We got this close and then there was a barrier of police.
Approaching Damascus Gate ~ The Arab quarter is a buzz of action and people shopping and socializing.
Damascus Gate outside the city.
There is a light rail line that runs through the center of the new city of Jerusalem.
Near the market in modern Jerusalem, Ultra Orthodox Jews offer instruction and opportunity for putting on tefillin.
Friday afternoon, there is an air of preparation for Shabbat in Jerusalem. A father and his boys.
It is very common all over Israel to see soldiers out and about.
One of the main reasons to visit Jerusalem is to see my best friend from early childhood (from ages 1-15) Monica, who has lived in Jerusalem for most of her adult life with her husband Jules and their seven children. I have visited Monica before, years ago and she has even visited me in Chicago.
Monica and I grew up together on the hillside of Linksfield Ridge, Johannesburg. I used to go to her house every shabbat to spend the weekend with her, for quite a number of years.   I loved her so much that I walked with her family a good 45 minutes to shul every Saturday morning and back! and enjoyed celebrating Shabbat with her whole family who were religious, (and mine was not.) 
We are lucky to get to meet five of the seven! Monica and Jules take us to the Jerusalem sound and light show which is excellently done in the tower of David, ramparts of the Old City.
Great always to see and be with Monica.
Monica and Peta
Meeting one of Monica’s lovely daughters ~ Shevi.
Gidon, one of Monica’s sons, with his wife and daughter.
Jules (Monica’s husband), Hudi and Gidon at dinner.
Jerusalem market on a Friday morning.
Lots of baklava
Dates a plenty
More varieties of Halva than you can possibly imagine… From chocolate to hazelnuts to peanut butter varieties.  The place is called “Melech HaHalva” (which means King of Halva), for obvious reasons.
Fresh challah is a necessary ceremonial item for Friday night Shabbat dinner table.
Outside the apartment where Daniel lived near Emek Refaim.
We really enjoyed the Emek Refaim neighbourhood where we stayed with Michelle and Danny, good friends of my sister Dina.
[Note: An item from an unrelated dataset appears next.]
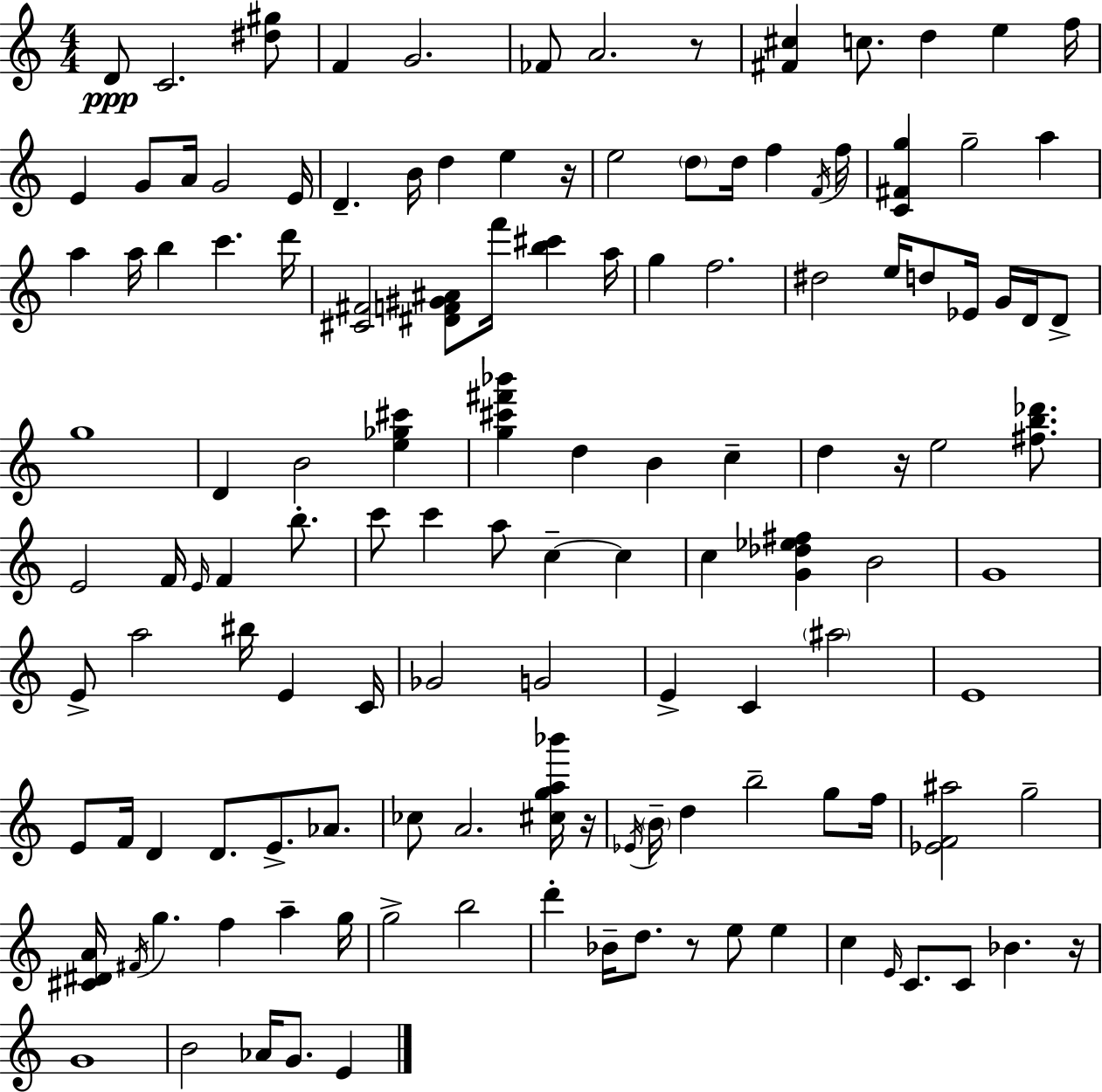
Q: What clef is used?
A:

This too was the neighborhood where she and my brother Daniel lived.

6 thoughts on “A weekend in Jerusalem

  1. JB


  2. Anonymous

    Hola Petita,
    I’ve never seen much about Jerusalem before. Thanks for letting me tag along. It looks very unique any beautiful. Loved seeing you in 1967. Yup, I suppose we actually were kiddos at one point.
    Abrazos de la Navidad,

  3. Monica

    I finally got to Jerusalem!! Have been following your travels,, month by month,enthralled by the stunning pictures exquisite and exotic and equally stunning and picturesque descriptions. JERUSALEM……quite cute to see US as part of your exotic travels . We thoroughly enjoyed jerusalem through your eyes

    1. GreenGlobalTrek Post author

      So glad you enjoyed!! Yes now you are a part of our travels. It is always interesting to see how others view the place one lives in day in and day out. So great to have had time with you again and to meet your (now grown up) kids! Love to you.